I'm interested in Fermat's Last Theorem (Wiles theorem?). Then, I made the following similar question:
Find a prime number $p$ and natural numbers $x, y, z$ such that $x^p+y^p=p^z$.
I got that the followings are sufficient : for any non-negative integer $d$,$$(p,x,y,z)=(3,3^d,2\cdot3^d,2+3d),(3,2\cdot3^d,3^d,2+3d),(2,2^d,2^d,1+2d).$$
However, I'm not sure that these are the only solutions I want. Then, here is my question.
Question: Could you show me how to solve the above question?
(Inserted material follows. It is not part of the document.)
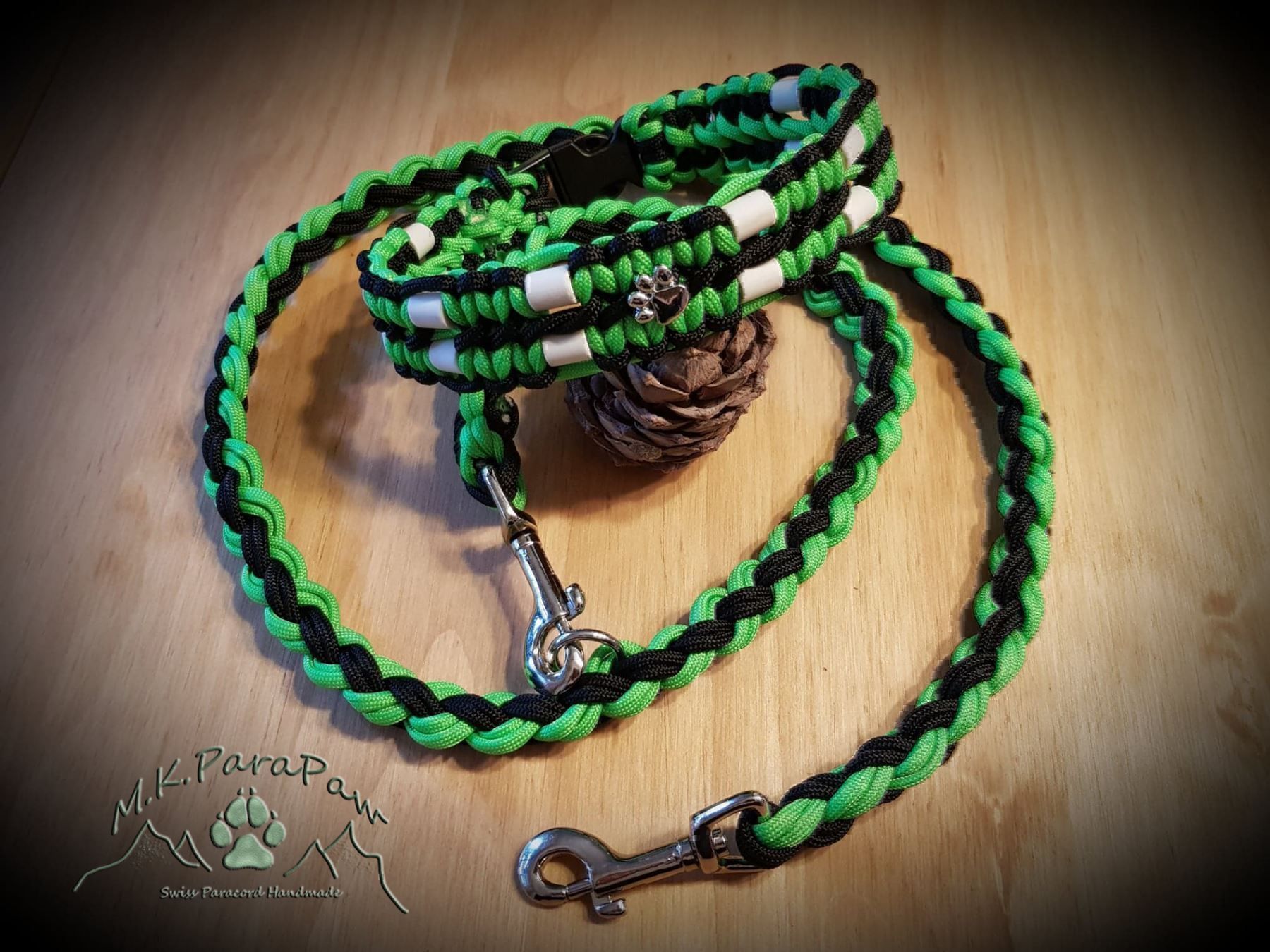 Guinzagli & Collari: Paracord Handarbeit Hundehalsband Leinen – Nuovo e nell'imballaggio originale da Näfels venduto da AllerleiCH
If $z=0$ then $x=0,y=1$ or $x=1,y=0$.
If $z \ge 1$ then $x,y \ge 1$. Let $x=p^nx_1,y=p^my_1$ with $x_1,y_1,m,n \in \mathbb{N}$ and $\gcd (x_1,p)=1, \gcd (y_1,p)=1$. The equation is equivalent to $$p^{np}x_1^p+p^{mp}y_1^p=p^{z}$$ Without loss of generality, asume that $z \ge mp \ge np$ then $x_1^p+p^{(m-n)p}y_1^p=p^{z-np}$. If $m>n$ then $p \nmid LHS$ but $p \nmid RHS$, a contradiction. Thus, $m=n$.
The equation is equivalent to $x_1^p+y_1^p=p^l \; (l \ge 1)$ with $p \nmid x_1,p \nmid y_1$ and $p|x_1+y_1$. Therefore by Lifting The Exponent Lemma we have $$v_p(x_1^p+y_1^p)=v_p(x_1+y_1)+v_p(p)=v_p(x_1+y_1)+1=l$$ Thus, $x+y=p^{l-1}$ then $l \ge 2$. It follows that $p^{l-1} \ge p$ or $x_1+y_1 \ge \dfrac{x_1^p+y_1^p}{x_1+y_1} \qquad (1)$.
Case 1. If $x_1=y_1=1$ then $x=y=p^n$. Therefore $2 \cdot p^{np}= p^z$. Thus, $p=2$ and $2n+1=z$. Case 2. If $x_1=1$ and $y_1 \ge 2$. Hence, from $(1)$ we obtain $y_1^2+2y_1 \ge y_1^p$ or $y_1+2 \ge y_1^{p-1}$. The inequality holds if and only if $y_1=2,p=3$. Thus, $x=3^n,y=2 \cdot 3^n, z= 2+3n$.
Case 3. If $y_1=1$ and $x_1 \ge 2$. Similarly, we obtain $p=3,y=3^n,x=2 \cdot 3^n, z=2+3n$.
Case 4. If $x_1,y_1 \ge 2$. From $(1)$ we obtain $p=2$. Hence $x_1^2+y_1^2=2^l$. Since $x_1,y_1 \ge 2$ then $l \ge 2$. It follows that $4|x_1^2+y_1^2$, a contradiction since $2 \nmid x_1, 2 \nmid y_1$.
The answer is $\boxed{ (p,x,y,z,)=(3,3^d,2 \cdot 3^d,2+3d),(3,2 \cdot 3^d,3^d,2+3d),(2,2^d,2^d,1+2d)}$ for $d \in \mathbb{N}$.